Work task:
Return every line below as is, leaving out the pictures.

Dataset excerpts START

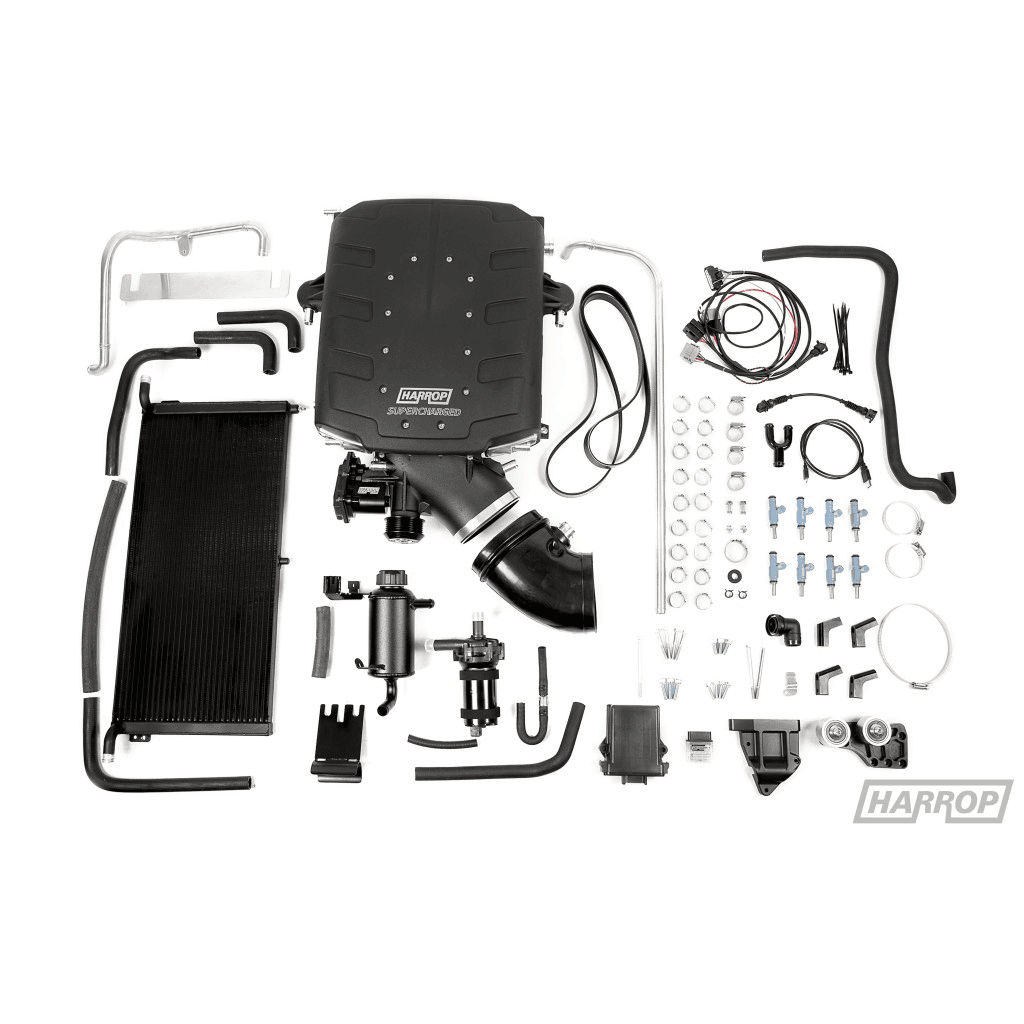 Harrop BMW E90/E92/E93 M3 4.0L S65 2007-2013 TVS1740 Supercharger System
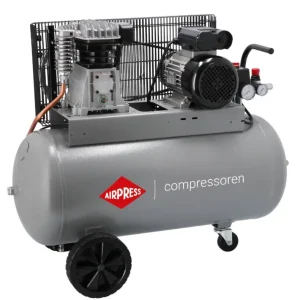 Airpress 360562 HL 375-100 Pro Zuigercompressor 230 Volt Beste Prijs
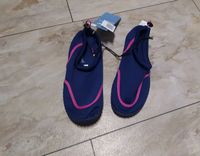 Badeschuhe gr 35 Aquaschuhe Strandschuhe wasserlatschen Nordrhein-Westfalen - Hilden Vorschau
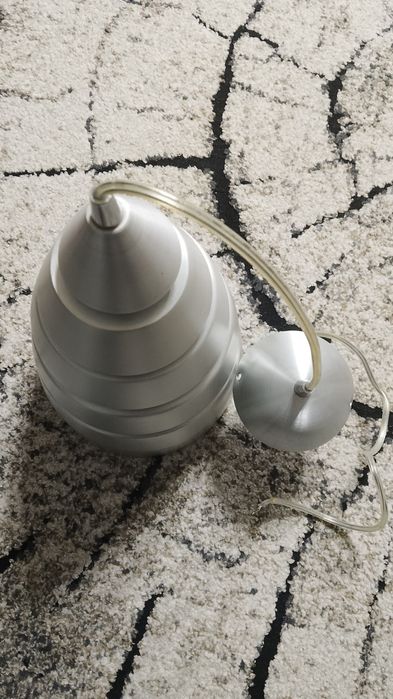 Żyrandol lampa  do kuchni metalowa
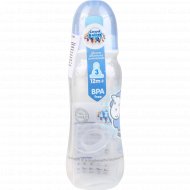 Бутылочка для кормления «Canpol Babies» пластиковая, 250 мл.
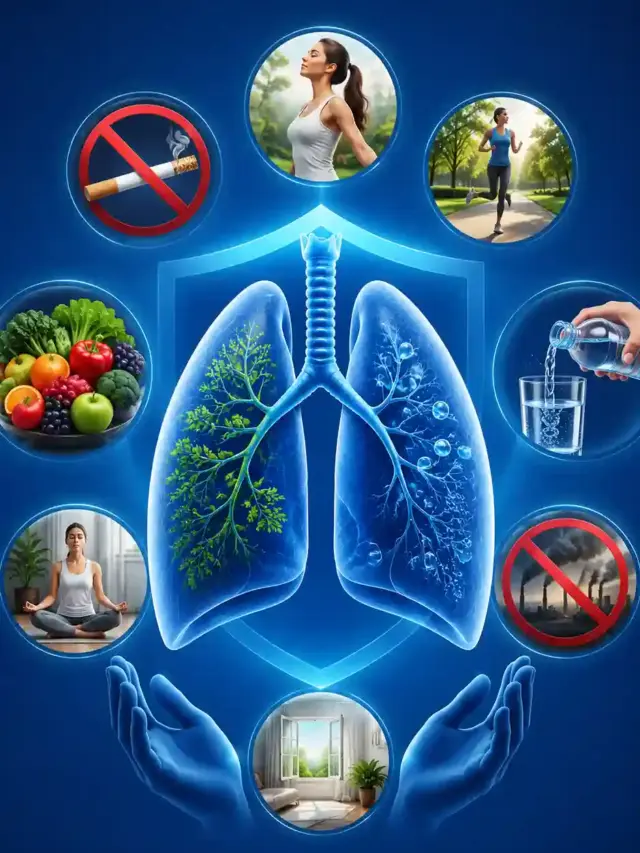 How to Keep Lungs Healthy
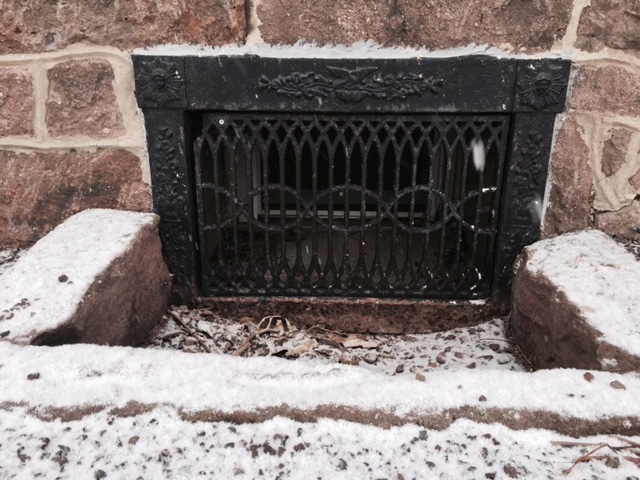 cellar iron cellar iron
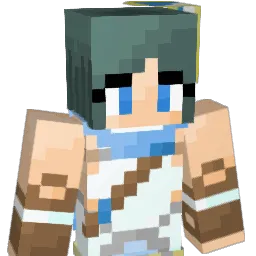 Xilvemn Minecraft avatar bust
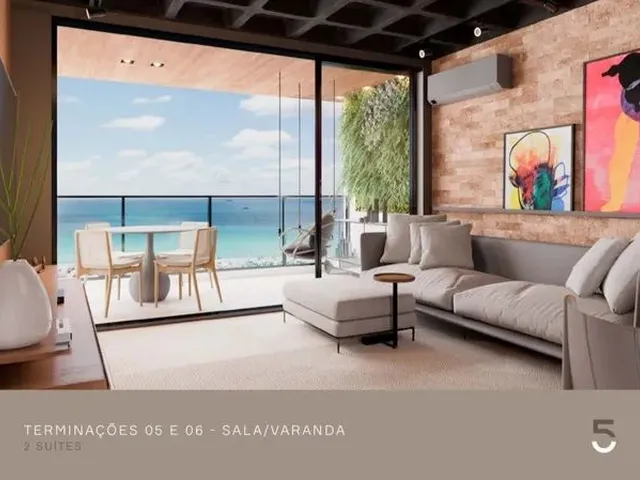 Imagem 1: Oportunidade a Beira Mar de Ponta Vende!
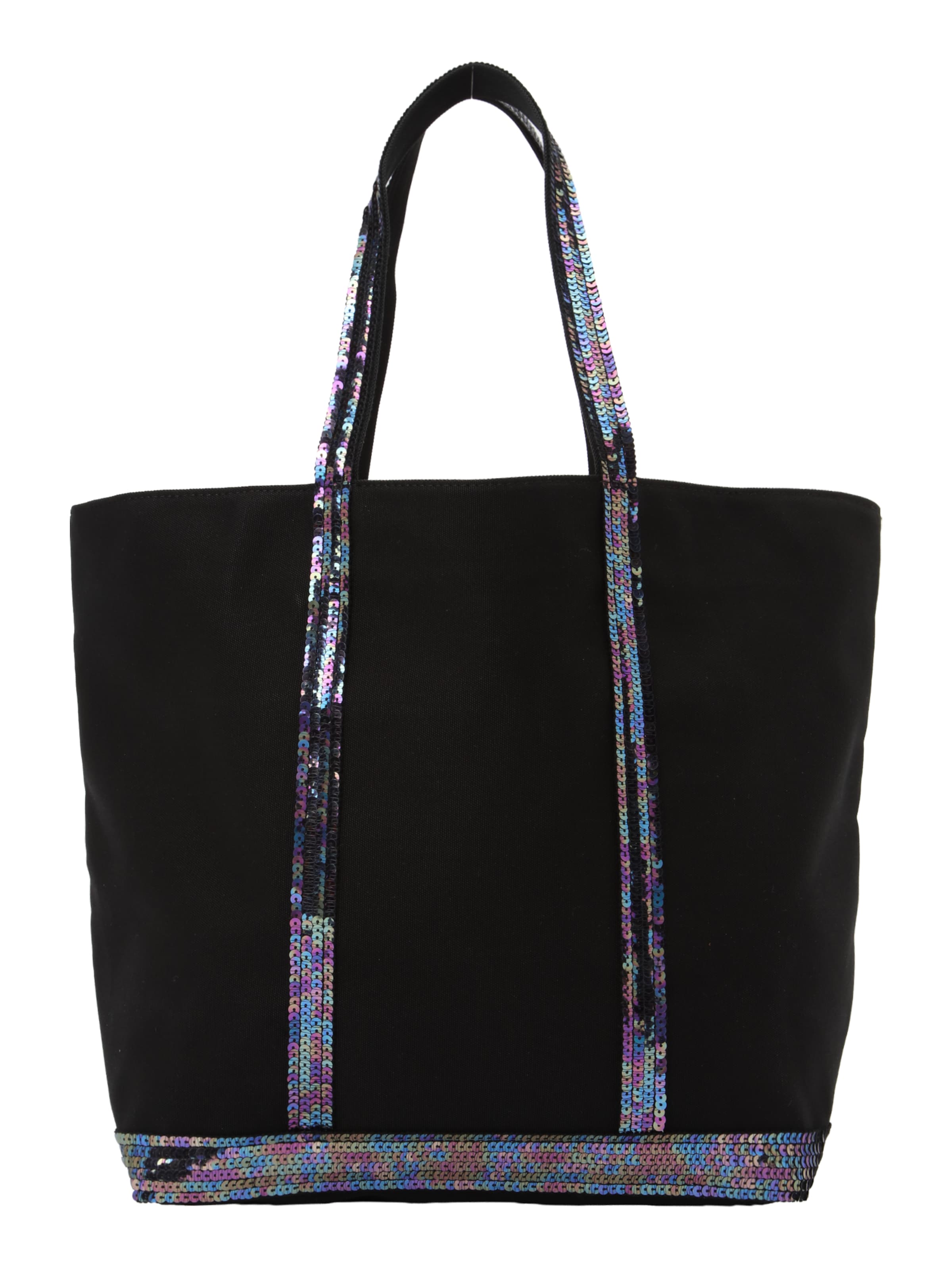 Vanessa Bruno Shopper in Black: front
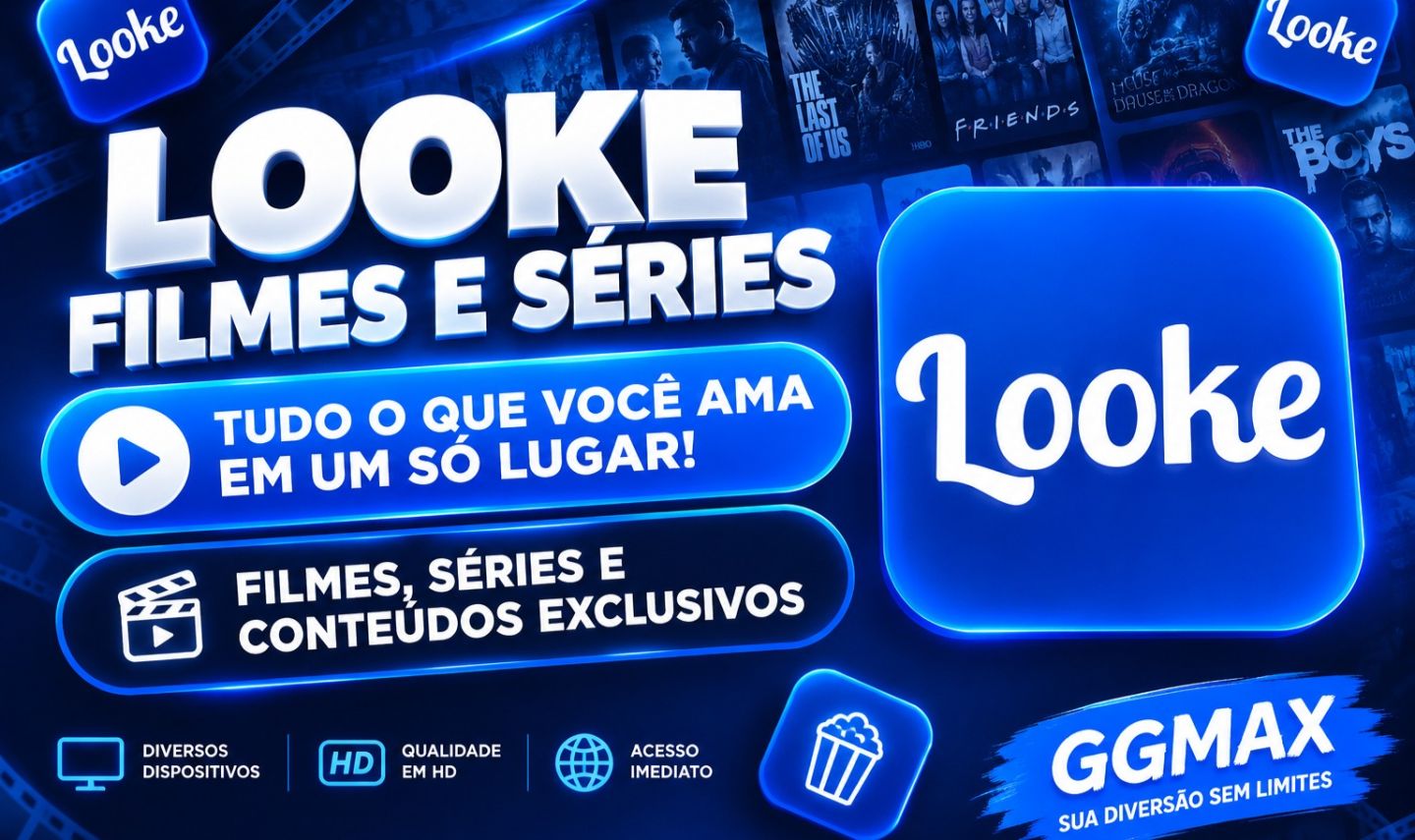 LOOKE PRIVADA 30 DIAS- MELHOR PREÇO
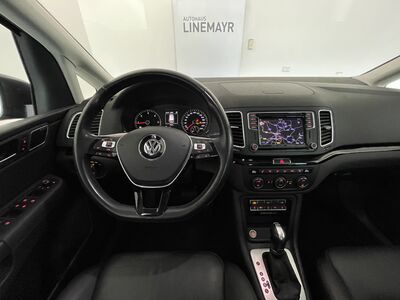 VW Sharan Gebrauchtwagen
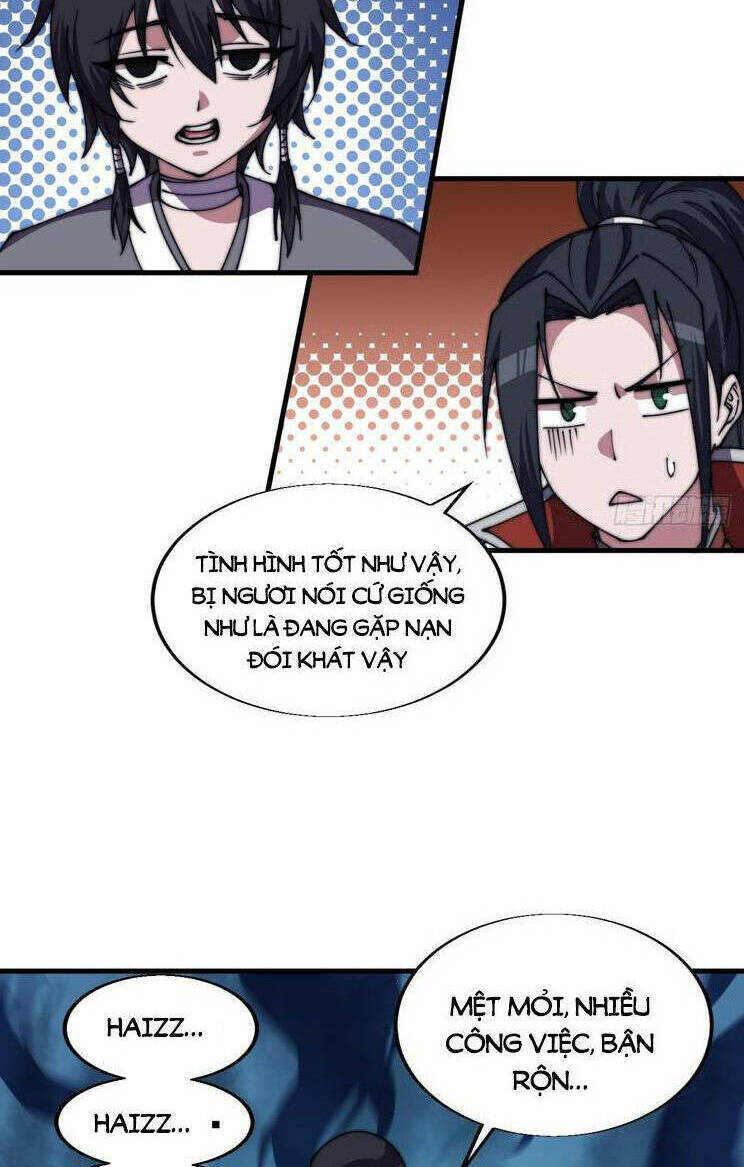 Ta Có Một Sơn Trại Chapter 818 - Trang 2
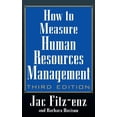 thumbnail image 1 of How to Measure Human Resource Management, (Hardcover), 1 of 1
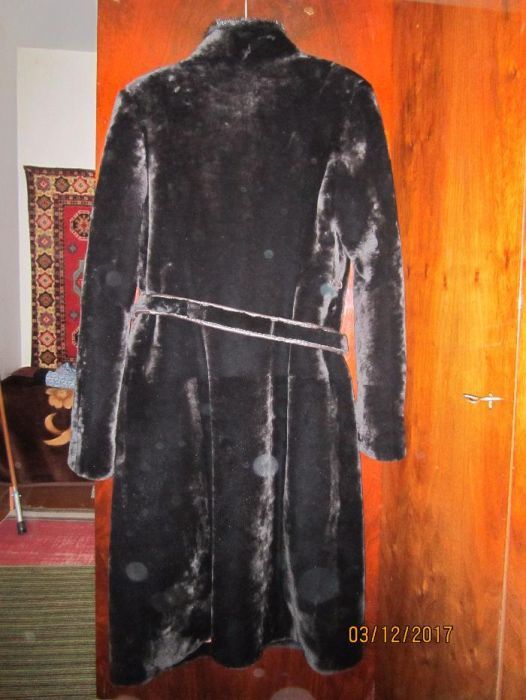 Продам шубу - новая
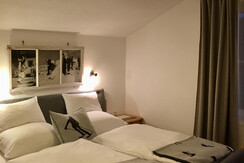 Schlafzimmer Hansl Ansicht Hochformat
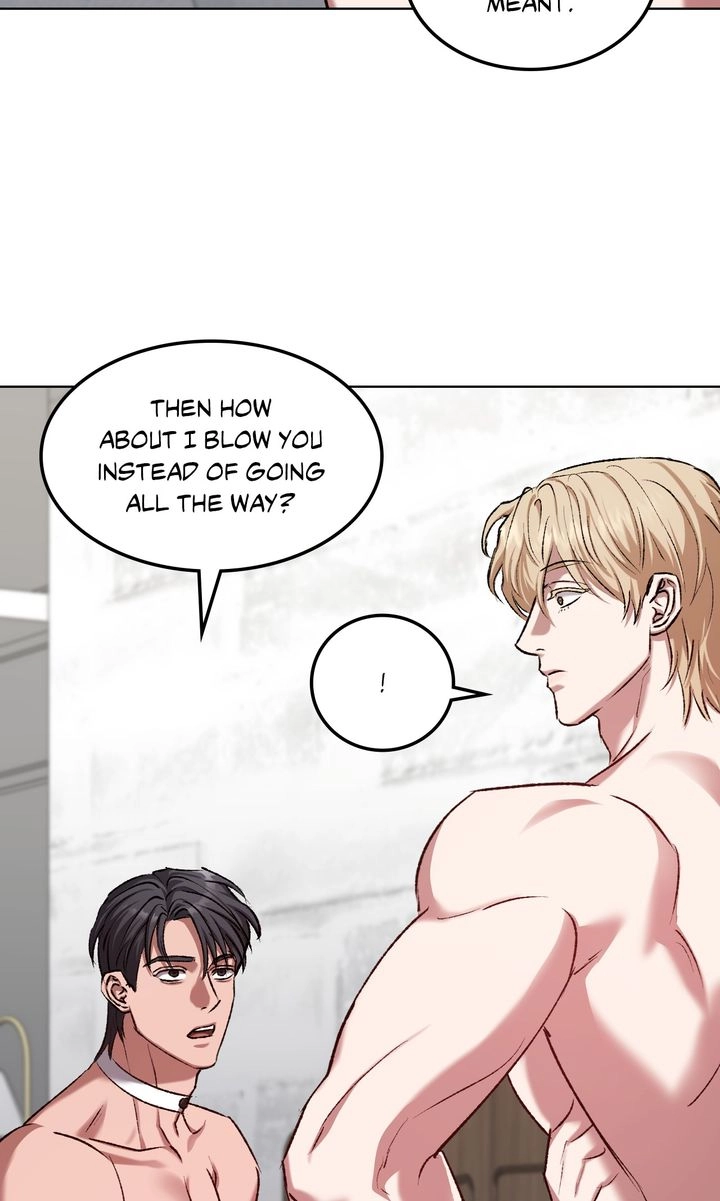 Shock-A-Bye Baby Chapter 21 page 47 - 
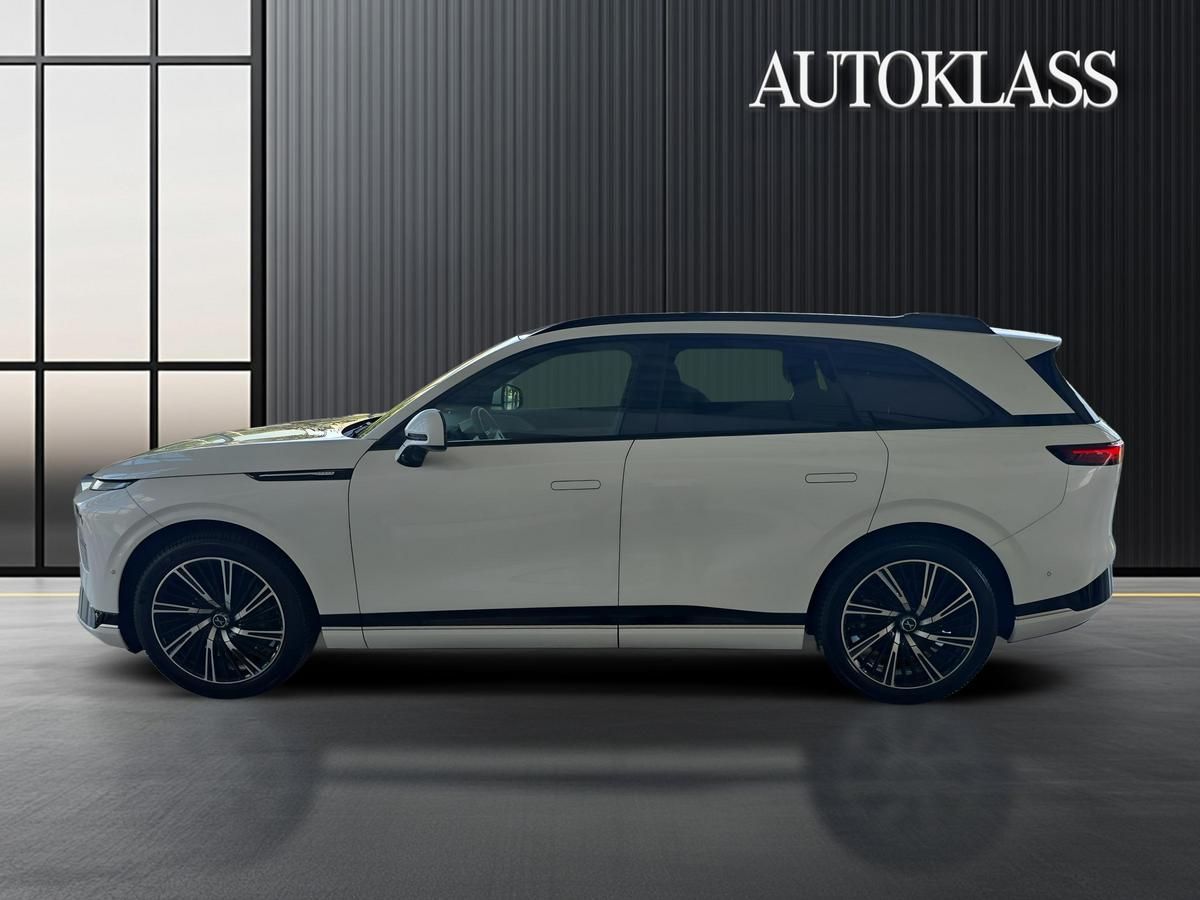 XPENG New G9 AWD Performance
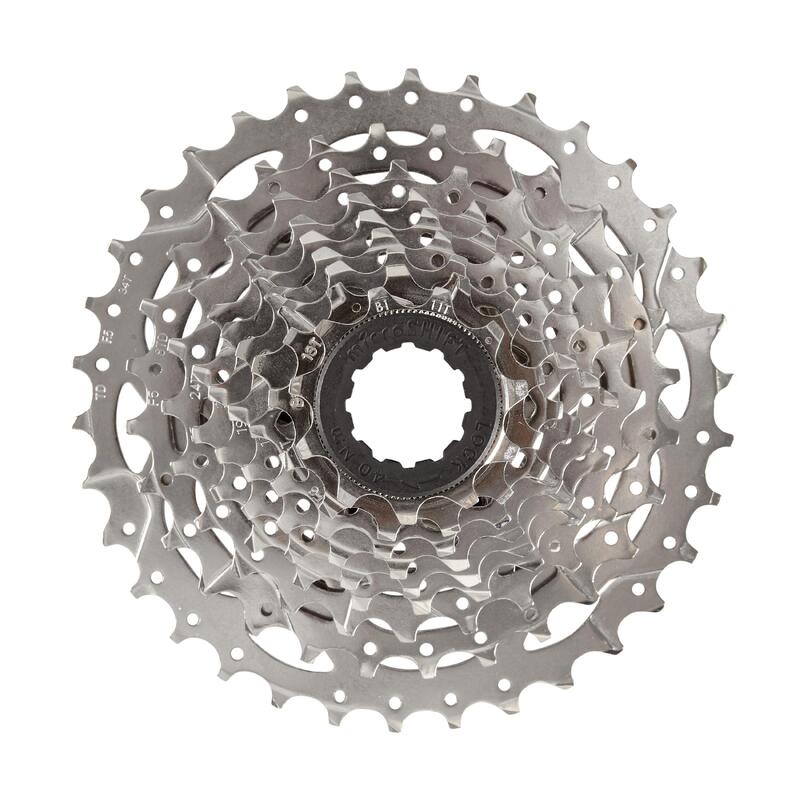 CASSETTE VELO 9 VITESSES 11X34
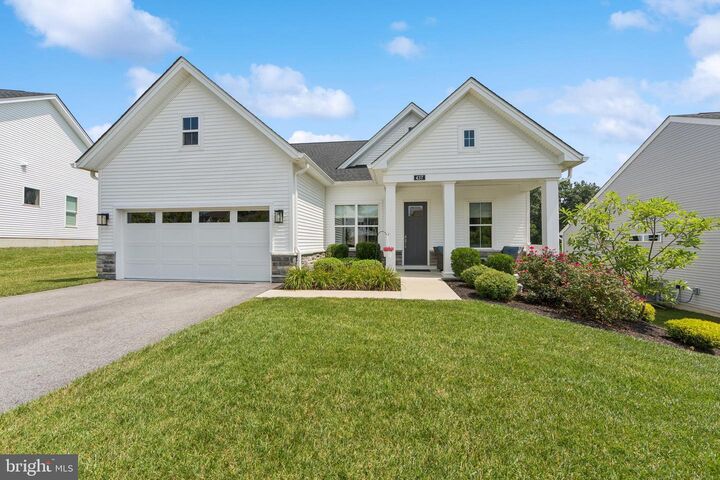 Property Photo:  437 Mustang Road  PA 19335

Dataset excerpts END

Exercise answer:
 Harrop BMW E90/E92/E93 M3 4.0L S65 2007-2013 TVS1740 Supercharger System
 Airpress 360562 HL 375-100 Pro Zuigercompressor 230 Volt Beste Prijs
 Badeschuhe gr 35 Aquaschuhe Strandschuhe wasserlatschen Nordrhein-Westfalen - Hilden Vorschau
 Żyrandol lampa  do kuchni metalowa
 Бутылочка для кормления «Canpol Babies» пластиковая, 250 мл.
 How to Keep Lungs Healthy
 cellar iron cellar iron
 Xilvemn Minecraft avatar bust
 Imagem 1: Oportunidade a Beira Mar de Ponta Vende!
 Vanessa Bruno Shopper in Black: front
 LOOKE PRIVADA 30 DIAS- MELHOR PREÇO
 VW Sharan Gebrauchtwagen
 Ta Có Một Sơn Trại Chapter 818 - Trang 2
 thumbnail image 1 of How to Measure Human Resource Management, (Hardcover), 1 of 1
 Продам шубу - новая
 Schlafzimmer Hansl Ansicht Hochformat
 Shock-A-Bye Baby Chapter 21 page 47 - 
 XPENG New G9 AWD Performance
 CASSETTE VELO 9 VITESSES 11X34
 Property Photo:  437 Mustang Road  PA 19335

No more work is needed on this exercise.